[Stored data]
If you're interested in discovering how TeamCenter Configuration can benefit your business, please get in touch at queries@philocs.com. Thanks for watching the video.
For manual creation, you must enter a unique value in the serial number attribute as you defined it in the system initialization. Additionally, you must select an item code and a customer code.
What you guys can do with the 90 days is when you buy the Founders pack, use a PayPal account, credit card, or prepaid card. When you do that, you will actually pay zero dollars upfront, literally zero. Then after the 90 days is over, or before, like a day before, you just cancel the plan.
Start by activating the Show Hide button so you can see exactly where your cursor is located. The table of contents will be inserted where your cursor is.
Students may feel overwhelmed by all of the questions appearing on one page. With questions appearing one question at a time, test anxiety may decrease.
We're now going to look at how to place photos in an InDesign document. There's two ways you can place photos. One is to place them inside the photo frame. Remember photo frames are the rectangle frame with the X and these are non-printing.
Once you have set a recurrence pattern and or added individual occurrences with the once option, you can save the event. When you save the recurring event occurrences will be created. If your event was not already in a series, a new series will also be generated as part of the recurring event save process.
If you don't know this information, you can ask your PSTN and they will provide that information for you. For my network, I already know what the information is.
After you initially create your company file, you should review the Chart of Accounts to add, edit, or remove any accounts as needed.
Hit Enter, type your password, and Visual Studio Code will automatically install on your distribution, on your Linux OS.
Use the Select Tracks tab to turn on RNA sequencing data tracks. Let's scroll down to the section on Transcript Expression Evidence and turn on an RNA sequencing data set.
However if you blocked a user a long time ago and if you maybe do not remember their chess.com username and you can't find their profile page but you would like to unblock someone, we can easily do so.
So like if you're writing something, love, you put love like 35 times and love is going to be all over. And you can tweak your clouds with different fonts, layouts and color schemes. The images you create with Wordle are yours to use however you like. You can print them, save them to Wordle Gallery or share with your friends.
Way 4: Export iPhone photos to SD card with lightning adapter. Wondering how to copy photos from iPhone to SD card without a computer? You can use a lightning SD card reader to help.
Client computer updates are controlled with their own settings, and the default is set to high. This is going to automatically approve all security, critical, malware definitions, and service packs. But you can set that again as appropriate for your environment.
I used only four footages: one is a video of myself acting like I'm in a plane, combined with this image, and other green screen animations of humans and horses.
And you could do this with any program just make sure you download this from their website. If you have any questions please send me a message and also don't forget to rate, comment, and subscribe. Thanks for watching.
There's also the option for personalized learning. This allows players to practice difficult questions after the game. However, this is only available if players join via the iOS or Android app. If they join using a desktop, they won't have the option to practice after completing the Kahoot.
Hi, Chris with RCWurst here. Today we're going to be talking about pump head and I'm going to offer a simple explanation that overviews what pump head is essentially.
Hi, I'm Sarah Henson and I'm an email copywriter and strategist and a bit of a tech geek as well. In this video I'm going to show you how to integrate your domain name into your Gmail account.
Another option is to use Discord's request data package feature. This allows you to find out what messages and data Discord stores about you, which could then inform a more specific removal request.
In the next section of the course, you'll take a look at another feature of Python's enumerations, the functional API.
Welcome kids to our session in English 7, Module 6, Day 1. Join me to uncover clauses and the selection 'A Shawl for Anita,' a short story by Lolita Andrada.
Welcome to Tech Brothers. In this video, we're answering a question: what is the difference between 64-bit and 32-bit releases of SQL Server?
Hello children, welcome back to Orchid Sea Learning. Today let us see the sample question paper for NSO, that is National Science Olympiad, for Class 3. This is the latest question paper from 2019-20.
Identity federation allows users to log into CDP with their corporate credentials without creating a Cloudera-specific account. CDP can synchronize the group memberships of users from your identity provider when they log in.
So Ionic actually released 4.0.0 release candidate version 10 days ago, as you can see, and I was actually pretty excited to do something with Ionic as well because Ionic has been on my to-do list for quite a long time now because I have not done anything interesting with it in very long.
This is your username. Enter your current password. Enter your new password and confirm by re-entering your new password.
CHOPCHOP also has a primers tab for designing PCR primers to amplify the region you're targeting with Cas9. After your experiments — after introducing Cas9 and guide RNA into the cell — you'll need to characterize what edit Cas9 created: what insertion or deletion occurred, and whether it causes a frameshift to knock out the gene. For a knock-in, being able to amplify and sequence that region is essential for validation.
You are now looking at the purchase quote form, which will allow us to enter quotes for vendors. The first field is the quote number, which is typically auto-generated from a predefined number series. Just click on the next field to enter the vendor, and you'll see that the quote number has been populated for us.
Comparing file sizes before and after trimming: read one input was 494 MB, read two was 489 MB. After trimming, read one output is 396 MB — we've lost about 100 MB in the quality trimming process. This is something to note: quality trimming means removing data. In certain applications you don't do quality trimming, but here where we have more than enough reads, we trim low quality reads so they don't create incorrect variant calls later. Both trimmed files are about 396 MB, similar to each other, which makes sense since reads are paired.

- _EXERCISE DIRECTIONS_: The answer must be the complete set of entries, retyped exactly.

- _EXPECTED OUTPUT_:
If you're interested in discovering how TeamCenter Configuration can benefit your business, please get in touch at queries@philocs.com. Thanks for watching the video.
For manual creation, you must enter a unique value in the serial number attribute as you defined it in the system initialization. Additionally, you must select an item code and a customer code.
What you guys can do with the 90 days is when you buy the Founders pack, use a PayPal account, credit card, or prepaid card. When you do that, you will actually pay zero dollars upfront, literally zero. Then after the 90 days is over, or before, like a day before, you just cancel the plan.
Start by activating the Show Hide button so you can see exactly where your cursor is located. The table of contents will be inserted where your cursor is.
Students may feel overwhelmed by all of the questions appearing on one page. With questions appearing one question at a time, test anxiety may decrease.
We're now going to look at how to place photos in an InDesign document. There's two ways you can place photos. One is to place them inside the photo frame. Remember photo frames are the rectangle frame with the X and these are non-printing.
Once you have set a recurrence pattern and or added individual occurrences with the once option, you can save the event. When you save the recurring event occurrences will be created. If your event was not already in a series, a new series will also be generated as part of the recurring event save process.
If you don't know this information, you can ask your PSTN and they will provide that information for you. For my network, I already know what the information is.
After you initially create your company file, you should review the Chart of Accounts to add, edit, or remove any accounts as needed.
Hit Enter, type your password, and Visual Studio Code will automatically install on your distribution, on your Linux OS.
Use the Select Tracks tab to turn on RNA sequencing data tracks. Let's scroll down to the section on Transcript Expression Evidence and turn on an RNA sequencing data set.
However if you blocked a user a long time ago and if you maybe do not remember their chess.com username and you can't find their profile page but you would like to unblock someone, we can easily do so.
So like if you're writing something, love, you put love like 35 times and love is going to be all over. And you can tweak your clouds with different fonts, layouts and color schemes. The images you create with Wordle are yours to use however you like. You can print them, save them to Wordle Gallery or share with your friends.
Way 4: Export iPhone photos to SD card with lightning adapter. Wondering how to copy photos from iPhone to SD card without a computer? You can use a lightning SD card reader to help.
Client computer updates are controlled with their own settings, and the default is set to high. This is going to automatically approve all security, critical, malware definitions, and service packs. But you can set that again as appropriate for your environment.
I used only four footages: one is a video of myself acting like I'm in a plane, combined with this image, and other green screen animations of humans and horses.
And you could do this with any program just make sure you download this from their website. If you have any questions please send me a message and also don't forget to rate, comment, and subscribe. Thanks for watching.
There's also the option for personalized learning. This allows players to practice difficult questions after the game. However, this is only available if players join via the iOS or Android app. If they join using a desktop, they won't have the option to practice after completing the Kahoot.
Hi, Chris with RCWurst here. Today we're going to be talking about pump head and I'm going to offer a simple explanation that overviews what pump head is essentially.
Hi, I'm Sarah Henson and I'm an email copywriter and strategist and a bit of a tech geek as well. In this video I'm going to show you how to integrate your domain name into your Gmail account.
Another option is to use Discord's request data package feature. This allows you to find out what messages and data Discord stores about you, which could then inform a more specific removal request.
In the next section of the course, you'll take a look at another feature of Python's enumerations, the functional API.
Welcome kids to our session in English 7, Module 6, Day 1. Join me to uncover clauses and the selection 'A Shawl for Anita,' a short story by Lolita Andrada.
Welcome to Tech Brothers. In this video, we're answering a question: what is the difference between 64-bit and 32-bit releases of SQL Server?
Hello children, welcome back to Orchid Sea Learning. Today let us see the sample question paper for NSO, that is National Science Olympiad, for Class 3. This is the latest question paper from 2019-20.
Identity federation allows users to log into CDP with their corporate credentials without creating a Cloudera-specific account. CDP can synchronize the group memberships of users from your identity provider when they log in.
So Ionic actually released 4.0.0 release candidate version 10 days ago, as you can see, and I was actually pretty excited to do something with Ionic as well because Ionic has been on my to-do list for quite a long time now because I have not done anything interesting with it in very long.
This is your username. Enter your current password. Enter your new password and confirm by re-entering your new password.
CHOPCHOP also has a primers tab for designing PCR primers to amplify the region you're targeting with Cas9. After your experiments — after introducing Cas9 and guide RNA into the cell — you'll need to characterize what edit Cas9 created: what insertion or deletion occurred, and whether it causes a frameshift to knock out the gene. For a knock-in, being able to amplify and sequence that region is essential for validation.
You are now looking at the purchase quote form, which will allow us to enter quotes for vendors. The first field is the quote number, which is typically auto-generated from a predefined number series. Just click on the next field to enter the vendor, and you'll see that the quote number has been populated for us.
Comparing file sizes before and after trimming: read one input was 494 MB, read two was 489 MB. After trimming, read one output is 396 MB — we've lost about 100 MB in the quality trimming process. This is something to note: quality trimming means removing data. In certain applications you don't do quality trimming, but here where we have more than enough reads, we trim low quality reads so they don't create incorrect variant calls later. Both trimmed files are about 396 MB, similar to each other, which makes sense since reads are paired.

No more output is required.